I'm now running WTB i23 tires with 2bliss or TCS tires. I can run tires down so low its uncomfortably mushy and still stay sealed. Its really just a totally different, much more reliable and safe, animal.


----------



## DirtyHank (Jul 2, 2012)

shiggy said:


> Using any standard tires and/or rims without inner tubes is a crapshoot. May work, may not. Never know until you try. Your setup failed.


That settles the matter for me.

Hank


----------



## danny31292 (Jul 20, 2011)

They're doing fine for me with the stans conversion.


----------



## Gasket-Jeff (May 28, 2014)

DirtyHank said:


> That settles the matter for me.
> 
> Hank


I second that. I just went tubeless with shwab noby nics and wtb i25 freqs the bead locks in there so tight. Im 260 lbs and I am riding below 20psi.


----------



## dwt (Jul 19, 2009)

Gasket-Jeff said:


> I second that. I just went tubeless with shwab noby nics and wtb i25 freqs the bead locks in there so tight. Im 260 lbs and I am riding below 20psi.

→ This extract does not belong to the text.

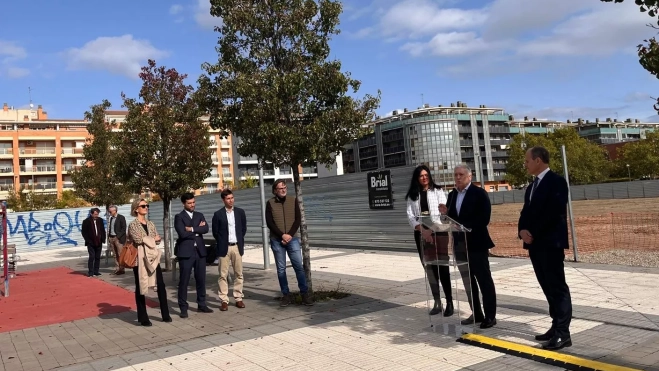 Acto celebrado ante el solar donde Brial construirá Elia Residencial.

I'd say that is pushing the envelope. You are close to 1/2 the pressure recommended by the notubes formula, which IMO holds for all tubeless systems, not just notubes

http://www.notubes.com/help/tirepressure.aspx

My recommendation is to pump at least your front tire to closer to 35 or higher. At 20, I just don't get why they don't squirm off the rim in the first mile of your ride

Sent from my iPhone using Tapatalk


----------



## JUCD VPR (Feb 27, 2014)

Do the DT Swiss ES40's Rims work well with the Stans Kit?


----------